1918 play written by Noël Coward

Original production, 1926: from left: Sheila and Keld, Olive, Naomi and Edmund

The Rat Trap (1918) is a four-act drama by Noël Coward, written when he was 18, but not staged until he was 26, by which time he was well known as a rising playwright, after the success of The Vortex. The play depicts the clash of egos between a married couple of writers, the wife's attempts to keep the marriage stable, the husband's philandering, her departure and his attempts to win her back.

==Background and first production==
What Coward called his "first really serious attempt at psychological conflict", was written when he was 18. In his 1937 memoirs, Present Indicative, he admits that as "a whole it was immature, but it was much steadier than anything I had done hitherto ... when I had finished it, I felt, for the first time with genuine conviction, that I could really write plays."
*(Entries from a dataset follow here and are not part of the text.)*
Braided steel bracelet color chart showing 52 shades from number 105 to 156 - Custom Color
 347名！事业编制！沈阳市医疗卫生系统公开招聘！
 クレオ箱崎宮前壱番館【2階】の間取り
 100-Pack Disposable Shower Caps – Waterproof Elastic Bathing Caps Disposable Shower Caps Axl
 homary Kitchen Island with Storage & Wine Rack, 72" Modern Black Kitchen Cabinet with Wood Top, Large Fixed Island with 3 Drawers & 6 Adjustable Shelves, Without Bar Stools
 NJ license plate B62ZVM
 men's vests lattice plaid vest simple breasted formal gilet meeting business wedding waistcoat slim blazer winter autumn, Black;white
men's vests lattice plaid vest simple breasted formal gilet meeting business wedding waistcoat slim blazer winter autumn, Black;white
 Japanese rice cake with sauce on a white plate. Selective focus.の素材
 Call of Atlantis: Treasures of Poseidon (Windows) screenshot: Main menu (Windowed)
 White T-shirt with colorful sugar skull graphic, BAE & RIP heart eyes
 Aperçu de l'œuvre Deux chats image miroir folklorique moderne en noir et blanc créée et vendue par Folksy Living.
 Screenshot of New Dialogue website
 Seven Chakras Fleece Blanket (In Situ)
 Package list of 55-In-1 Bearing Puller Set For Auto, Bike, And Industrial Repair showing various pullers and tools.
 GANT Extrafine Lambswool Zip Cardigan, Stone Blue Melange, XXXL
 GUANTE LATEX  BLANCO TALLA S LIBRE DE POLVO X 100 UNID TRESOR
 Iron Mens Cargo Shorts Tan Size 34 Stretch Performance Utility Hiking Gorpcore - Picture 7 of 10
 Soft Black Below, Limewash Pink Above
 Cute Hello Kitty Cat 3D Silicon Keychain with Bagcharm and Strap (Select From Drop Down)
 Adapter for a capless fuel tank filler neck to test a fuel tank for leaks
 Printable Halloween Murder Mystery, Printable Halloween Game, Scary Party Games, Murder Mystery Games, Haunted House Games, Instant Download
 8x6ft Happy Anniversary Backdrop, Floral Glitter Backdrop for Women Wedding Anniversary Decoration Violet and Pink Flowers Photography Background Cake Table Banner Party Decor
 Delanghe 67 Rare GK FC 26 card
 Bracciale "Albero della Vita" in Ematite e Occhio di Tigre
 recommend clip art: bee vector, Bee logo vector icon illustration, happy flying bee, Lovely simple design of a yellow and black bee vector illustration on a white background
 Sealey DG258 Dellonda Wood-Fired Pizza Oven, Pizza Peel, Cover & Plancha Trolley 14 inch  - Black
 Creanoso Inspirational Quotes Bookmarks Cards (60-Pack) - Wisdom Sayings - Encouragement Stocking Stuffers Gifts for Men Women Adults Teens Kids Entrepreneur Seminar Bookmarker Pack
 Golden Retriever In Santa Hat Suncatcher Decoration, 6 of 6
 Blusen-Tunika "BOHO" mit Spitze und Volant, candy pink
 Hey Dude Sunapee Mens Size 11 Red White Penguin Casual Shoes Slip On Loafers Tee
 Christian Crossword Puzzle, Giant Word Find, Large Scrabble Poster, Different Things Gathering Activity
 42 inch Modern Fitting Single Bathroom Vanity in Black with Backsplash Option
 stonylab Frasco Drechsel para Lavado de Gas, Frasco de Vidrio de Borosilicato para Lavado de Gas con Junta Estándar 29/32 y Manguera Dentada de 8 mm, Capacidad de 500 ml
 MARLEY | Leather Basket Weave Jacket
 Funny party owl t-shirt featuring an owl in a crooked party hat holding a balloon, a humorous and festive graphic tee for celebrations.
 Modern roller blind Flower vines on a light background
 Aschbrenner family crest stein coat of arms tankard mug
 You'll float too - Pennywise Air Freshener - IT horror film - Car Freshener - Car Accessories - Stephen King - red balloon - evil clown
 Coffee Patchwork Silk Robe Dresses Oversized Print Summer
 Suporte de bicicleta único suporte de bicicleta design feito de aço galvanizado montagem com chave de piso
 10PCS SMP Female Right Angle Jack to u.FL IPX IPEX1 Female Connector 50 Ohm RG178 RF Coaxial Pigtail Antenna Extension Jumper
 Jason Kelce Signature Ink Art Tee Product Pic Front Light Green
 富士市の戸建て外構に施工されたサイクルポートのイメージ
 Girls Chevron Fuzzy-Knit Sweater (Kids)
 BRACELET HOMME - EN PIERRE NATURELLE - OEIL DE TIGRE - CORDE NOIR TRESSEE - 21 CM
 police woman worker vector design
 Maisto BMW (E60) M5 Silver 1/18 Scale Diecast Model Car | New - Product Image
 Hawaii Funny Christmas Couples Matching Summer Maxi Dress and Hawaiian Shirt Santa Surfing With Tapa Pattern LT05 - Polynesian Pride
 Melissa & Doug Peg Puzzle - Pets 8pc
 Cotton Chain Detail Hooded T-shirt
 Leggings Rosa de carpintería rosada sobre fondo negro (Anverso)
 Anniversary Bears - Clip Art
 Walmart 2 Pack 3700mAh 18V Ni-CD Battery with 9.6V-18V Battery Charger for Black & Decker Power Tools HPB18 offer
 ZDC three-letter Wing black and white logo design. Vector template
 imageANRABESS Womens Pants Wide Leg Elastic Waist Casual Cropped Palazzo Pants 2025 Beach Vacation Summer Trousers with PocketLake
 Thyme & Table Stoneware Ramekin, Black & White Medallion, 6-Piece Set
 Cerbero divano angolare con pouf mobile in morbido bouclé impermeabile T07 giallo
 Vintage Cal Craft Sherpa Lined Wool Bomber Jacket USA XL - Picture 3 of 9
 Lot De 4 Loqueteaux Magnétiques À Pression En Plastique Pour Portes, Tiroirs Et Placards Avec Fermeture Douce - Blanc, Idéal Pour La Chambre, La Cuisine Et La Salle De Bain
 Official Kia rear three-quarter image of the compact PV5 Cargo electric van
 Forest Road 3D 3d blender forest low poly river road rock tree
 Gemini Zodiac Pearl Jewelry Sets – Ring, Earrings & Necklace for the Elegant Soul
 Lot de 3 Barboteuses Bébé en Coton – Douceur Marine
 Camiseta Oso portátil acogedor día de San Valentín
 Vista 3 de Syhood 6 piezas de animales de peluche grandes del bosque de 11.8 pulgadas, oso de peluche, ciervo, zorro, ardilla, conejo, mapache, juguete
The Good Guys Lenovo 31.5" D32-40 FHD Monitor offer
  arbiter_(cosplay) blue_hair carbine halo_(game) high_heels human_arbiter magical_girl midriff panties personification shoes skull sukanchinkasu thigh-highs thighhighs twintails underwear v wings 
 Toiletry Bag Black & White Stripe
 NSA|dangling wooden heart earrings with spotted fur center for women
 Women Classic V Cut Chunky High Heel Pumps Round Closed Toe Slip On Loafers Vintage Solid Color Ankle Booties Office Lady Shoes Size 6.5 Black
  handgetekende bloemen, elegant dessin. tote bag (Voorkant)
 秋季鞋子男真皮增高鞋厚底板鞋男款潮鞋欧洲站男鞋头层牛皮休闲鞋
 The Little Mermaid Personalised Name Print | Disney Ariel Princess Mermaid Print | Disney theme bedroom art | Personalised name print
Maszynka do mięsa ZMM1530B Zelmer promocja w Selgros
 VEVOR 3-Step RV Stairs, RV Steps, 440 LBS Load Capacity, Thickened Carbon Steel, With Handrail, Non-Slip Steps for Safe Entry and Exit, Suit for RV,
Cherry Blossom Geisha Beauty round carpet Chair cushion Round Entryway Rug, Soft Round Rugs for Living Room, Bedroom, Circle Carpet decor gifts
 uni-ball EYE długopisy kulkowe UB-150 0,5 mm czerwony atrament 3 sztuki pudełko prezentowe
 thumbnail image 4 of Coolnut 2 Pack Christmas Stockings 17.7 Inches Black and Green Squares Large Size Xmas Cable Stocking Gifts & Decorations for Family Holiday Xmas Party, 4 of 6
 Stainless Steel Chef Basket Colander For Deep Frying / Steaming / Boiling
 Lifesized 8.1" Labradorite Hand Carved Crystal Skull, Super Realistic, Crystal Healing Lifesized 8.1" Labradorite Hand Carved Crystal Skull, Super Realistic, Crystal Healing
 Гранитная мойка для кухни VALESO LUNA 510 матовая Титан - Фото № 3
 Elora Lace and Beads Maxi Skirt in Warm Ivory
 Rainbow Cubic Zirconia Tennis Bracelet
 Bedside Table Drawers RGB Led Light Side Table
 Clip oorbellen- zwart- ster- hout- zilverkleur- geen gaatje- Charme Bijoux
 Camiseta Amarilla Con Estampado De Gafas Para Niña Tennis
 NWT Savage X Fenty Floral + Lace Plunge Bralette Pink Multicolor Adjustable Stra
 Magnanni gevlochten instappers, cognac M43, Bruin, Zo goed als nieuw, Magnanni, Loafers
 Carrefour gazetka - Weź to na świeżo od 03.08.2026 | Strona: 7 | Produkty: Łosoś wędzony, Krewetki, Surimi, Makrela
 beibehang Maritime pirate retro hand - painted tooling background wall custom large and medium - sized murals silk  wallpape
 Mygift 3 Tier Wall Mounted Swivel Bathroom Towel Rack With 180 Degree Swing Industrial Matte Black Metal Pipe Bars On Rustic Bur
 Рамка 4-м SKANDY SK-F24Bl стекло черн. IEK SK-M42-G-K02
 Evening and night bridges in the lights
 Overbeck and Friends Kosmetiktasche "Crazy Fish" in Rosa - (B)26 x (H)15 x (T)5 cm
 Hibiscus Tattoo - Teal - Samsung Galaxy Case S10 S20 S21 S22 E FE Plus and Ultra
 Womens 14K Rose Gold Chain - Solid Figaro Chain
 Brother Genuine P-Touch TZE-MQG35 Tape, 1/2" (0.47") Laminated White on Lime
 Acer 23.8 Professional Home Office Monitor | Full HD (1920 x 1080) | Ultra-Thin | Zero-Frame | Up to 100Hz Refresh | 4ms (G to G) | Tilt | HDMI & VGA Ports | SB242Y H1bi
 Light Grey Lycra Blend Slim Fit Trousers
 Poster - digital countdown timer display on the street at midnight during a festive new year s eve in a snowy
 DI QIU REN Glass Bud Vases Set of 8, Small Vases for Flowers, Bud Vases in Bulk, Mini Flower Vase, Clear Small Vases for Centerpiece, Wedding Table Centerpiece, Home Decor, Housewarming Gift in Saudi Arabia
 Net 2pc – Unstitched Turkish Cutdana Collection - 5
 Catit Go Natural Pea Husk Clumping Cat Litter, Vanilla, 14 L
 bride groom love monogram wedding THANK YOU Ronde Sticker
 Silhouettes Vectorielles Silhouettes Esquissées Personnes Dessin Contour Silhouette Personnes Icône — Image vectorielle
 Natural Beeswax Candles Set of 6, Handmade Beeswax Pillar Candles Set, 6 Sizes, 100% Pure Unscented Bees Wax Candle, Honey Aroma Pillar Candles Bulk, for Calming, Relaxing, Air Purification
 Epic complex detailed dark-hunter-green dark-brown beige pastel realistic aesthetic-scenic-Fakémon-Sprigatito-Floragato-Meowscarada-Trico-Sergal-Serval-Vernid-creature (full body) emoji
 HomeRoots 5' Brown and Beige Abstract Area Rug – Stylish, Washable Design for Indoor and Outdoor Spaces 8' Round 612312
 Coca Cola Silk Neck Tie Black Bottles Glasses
It was first performed on 18 October 1926, for 12 performances at the Everyman Theatre, Hampstead, in London, presented by George Carr (who also directed), Raymond Massey (who also played a supporting role), and Allan Wade. Coward was by now well known, after his success as author and star of The Vortex, which had made his name in the West End and on Broadway. He was unable to see the production of The Rat Trap as he was by then travelling back to New York for the premiere of his This Was a Man. He later wrote, "in spite of the effulgence of the cast, the play fizzled out at the end of its regulation two weeks. I was not particularly depressed about this; The Rat Trap was a dead love."

==Original cast==
- Olive Lloyd-Kennedy – Mary Robson
- Sheila Brandreth – Joyce Kennedy
- Keld Maxwell – Robert Harris
- Naomi Frith-Bassington – Elizabeth Pollock
- Edmund Crowe – Raymond Massey
- Burrage – Clare Greet
- Ruby Raymond – Adrianne Allen
Source: Mander and Mitchenson.

==Synopsis==
Sheila, a promising novelist, is engaged to Keld, an aspiring playwright. Sheila's flatmate, Olive, warns Sheila that when two talented egotists marry there is likely to be trouble, and that Sheila may end up subordinating herself to Keld, which would be a tragedy as, in Olive's view, Sheila is far the better writer. Sheila nonetheless marries Keld, and Olive's warning is proved correct: the couple are "like two rats in a trap, fighting, fighting, fighting". Sheila persists in trying to keep the relationship working, but her own writing has come to a halt. She discovers that Keld is having an affair with a pushy young actress, Ruby, and tells him she is leaving him. With her faithful housekeeper, Burrage, Sheila moves to a cottage in Cornwall. Keld comes to see her and she tells him that although she no longer loves him she is prepared to come back to him because she is pregnant and feels "so alone and so dreadfully frightened".

==Publication==
The play was published in London by Ernest Benn in 1924 in volume 13 of the Contemporary British Dramatists series, and was republished by Heinemann in 1934 in Coward's Play Parade, Volume III. In his introduction Coward writes:

==Critical response==
The critic J. T. Grein praised the play – "it held me from beginning to end" – and questioned why West End managements had not taken it up. "Surely The Rat Trap will come West; I for one, would gladly see it again". The reviewer in The Daily News commented that the work was extraordinary for so young an author as Coward had been when he wrote it: "The second act is constructively a piece of work that might be envied by a dramatist with years of experience".

==Revivals==
A professional revival of the play was presented at the Finborough Theatre, a London fringe venue in Earl's Court, as part of its Forgotten Voices Season 2006, from 28 November to 23 December 2006, in a production directed by Tim Luscombe, which received good press notices. Gregory Finnegan and Catherine Hamilton played the leading roles, with veteran actress Heather Chasen as Burrage.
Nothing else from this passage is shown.